Death on the Nile by Agatha Christie – A Review
Rating : 4/5
Date of Publication : November, 1937
Agatha Christie’s foreign mysteries are a unique blend of murder mysteries incorporated into a mini-travelogue of the exotic middle east. Her extensive travels to various archaeological spots with her husband Max Mallowan gave her a first-hand experience of the rustic beauty of this region. From these were conceived some of her everlasting hits like Murder on the Orient Express, Murder in Mesopotamia etc. These foreign mysteries are a league apart from her regular country house mysteries due to the clever incorporation of the various locations into the mysteries. Death on the Nile is no different.
Hercule Poirot, on his Egyptian vacation, is approached by a rich socialite Linnet Ridgeway for his help in dissuading her best friend Jacqueline de Bellefort from stalking her. Ridgeway is recently married to Simon Doyle, to whom Jacqueline was previously engaged, which makes Jacqueline bitterly resent her. Havoc wreaks on a tranquil cruise over the Nile when Linnet is found in her cabin with a shot to her head. It falls on Poirot to solve the murder before the steamer docks in Cairo.
The book is structured into two halves. The first half is spent in elaborately sketching the characters and their relation with each other. This works like a guide for the readers and help us in keeping track of the relevant details of the multitude of characters in the book who in the second half find themselves confined in a steamer across the Nile. The first part is interesting as we get to see Christie build up intrigue just by few well-placed comments in the conversation between characters. The second part takes us to Egypt where Christie spends time describing the beauty of Nile and Abu Simbel along with the description of the people (I felt the description of the locals were highly biased and did not do justice to the people). The pace picks up once the crime gets committed under the watchful eyes of Poirot and the ensuing investigation makes it a page turner.

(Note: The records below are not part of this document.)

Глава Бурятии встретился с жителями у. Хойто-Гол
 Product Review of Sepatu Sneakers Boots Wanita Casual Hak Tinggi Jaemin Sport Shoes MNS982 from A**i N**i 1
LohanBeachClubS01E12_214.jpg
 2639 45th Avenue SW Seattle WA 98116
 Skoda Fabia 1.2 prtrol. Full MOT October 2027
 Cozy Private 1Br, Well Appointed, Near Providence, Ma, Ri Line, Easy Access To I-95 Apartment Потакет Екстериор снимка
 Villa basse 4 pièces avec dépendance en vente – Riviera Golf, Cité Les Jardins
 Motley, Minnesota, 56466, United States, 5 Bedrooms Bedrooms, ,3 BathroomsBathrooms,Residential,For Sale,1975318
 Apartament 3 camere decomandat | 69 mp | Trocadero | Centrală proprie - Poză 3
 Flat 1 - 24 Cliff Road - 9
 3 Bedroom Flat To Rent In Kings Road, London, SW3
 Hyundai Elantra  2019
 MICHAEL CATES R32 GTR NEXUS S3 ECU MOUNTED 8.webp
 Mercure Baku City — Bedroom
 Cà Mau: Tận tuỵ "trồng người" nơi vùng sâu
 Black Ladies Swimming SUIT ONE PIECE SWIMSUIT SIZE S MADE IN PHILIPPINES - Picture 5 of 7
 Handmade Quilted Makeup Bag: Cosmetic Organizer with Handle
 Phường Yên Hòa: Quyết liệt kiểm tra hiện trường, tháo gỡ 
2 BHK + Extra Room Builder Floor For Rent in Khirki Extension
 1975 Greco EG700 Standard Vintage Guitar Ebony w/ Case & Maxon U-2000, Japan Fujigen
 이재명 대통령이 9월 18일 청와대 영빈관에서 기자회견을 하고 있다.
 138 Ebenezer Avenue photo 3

Christie fabricates a highly complex plot in this novel that is filled with multiple subplots exploring various themes like romance, vengeance, friendship and loyalty. Some of the subplots involving minor characters brings a whiff of lightness to a morbid tale of deceit. Apart from her usual red herrings, Christie plants various clues in these subplots to form an intricate pattern. These confound the readers and provide a worthy challenge for your “grey matter”. However, it is really not that hard for a seasoned Christie lover to see through the ruse and figure out the culprit. I immensely enjoyed the book with its diverse story lines, unique characters and beautiful settings.
This book is a must read for any Christie fan as it is enjoyable, intriguing and immensely satisfying. Undoubtedly, this is one of the best works of Christie and adds a beautiful feather in her cap.